Assignment – Would you transcribe the listing exactly as it stands, minus any images?

Source material –
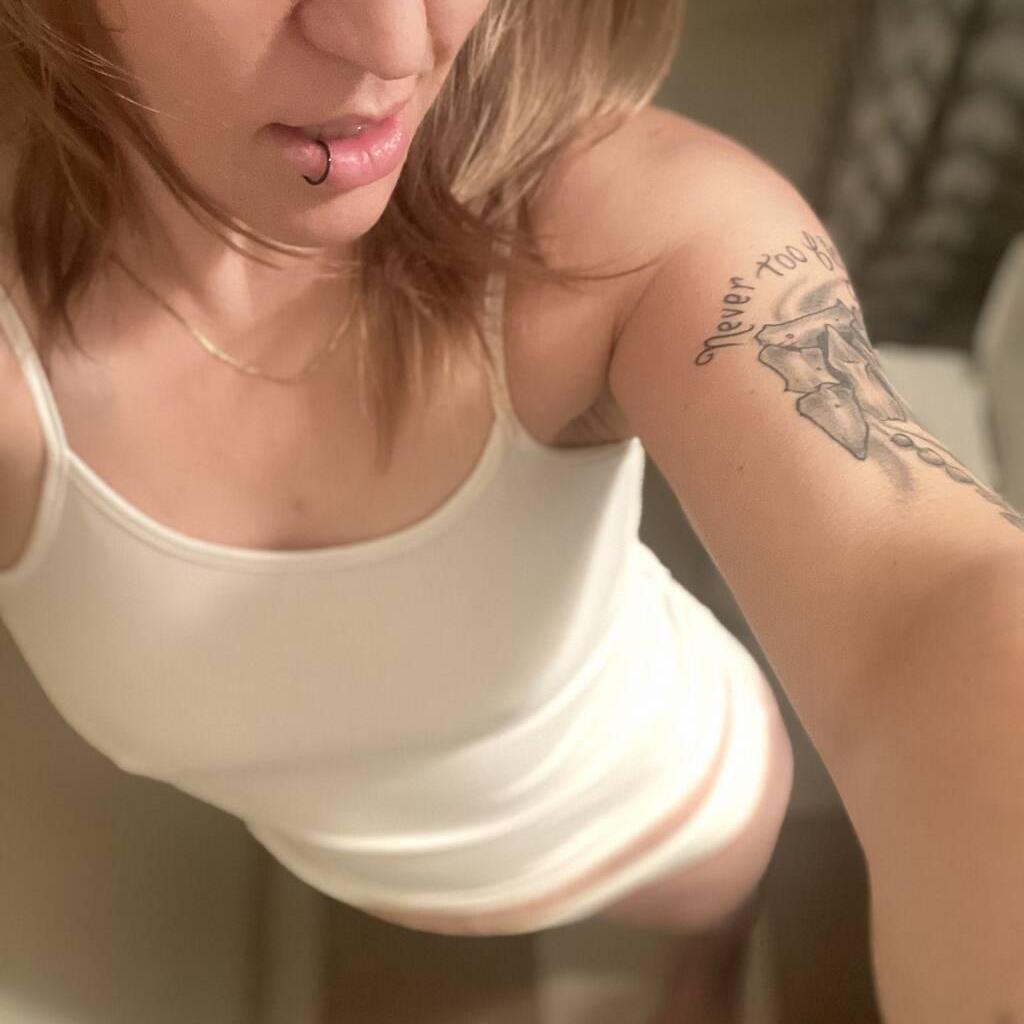 
                        Danni
                     is Female Escorts. | Grande Prairie | Alberta | Canada | escortsaffair.com 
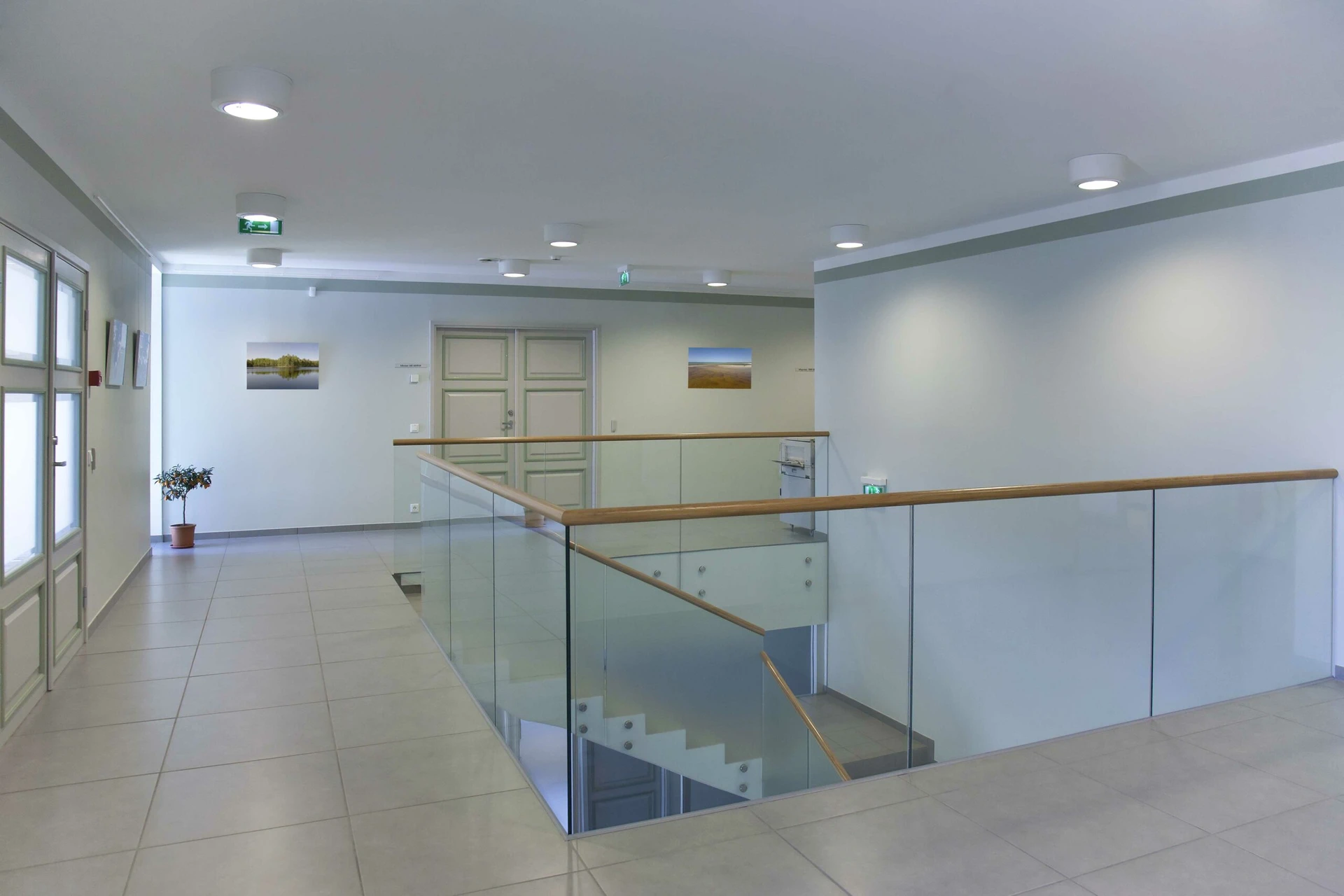 862254-stairwell-and-open-plan-room-with-large-windows-an-2022-03-04-02-22-13-utc Michigan
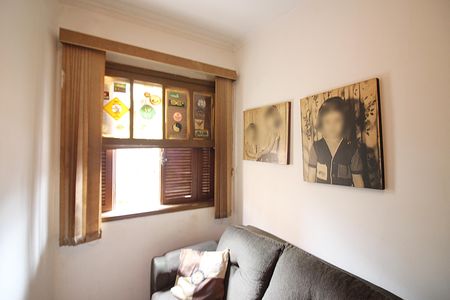 Casa à venda com 239m², 3 quartos e 4 vagasQuarto 2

Answer to this problem –
                        Danni
                     is Female Escorts. | Grande Prairie | Alberta | Canada | escortsaffair.com 
 862254-stairwell-and-open-plan-room-with-large-windows-an-2022-03-04-02-22-13-utc Michigan
 Casa à venda com 239m², 3 quartos e 4 vagasQuarto 2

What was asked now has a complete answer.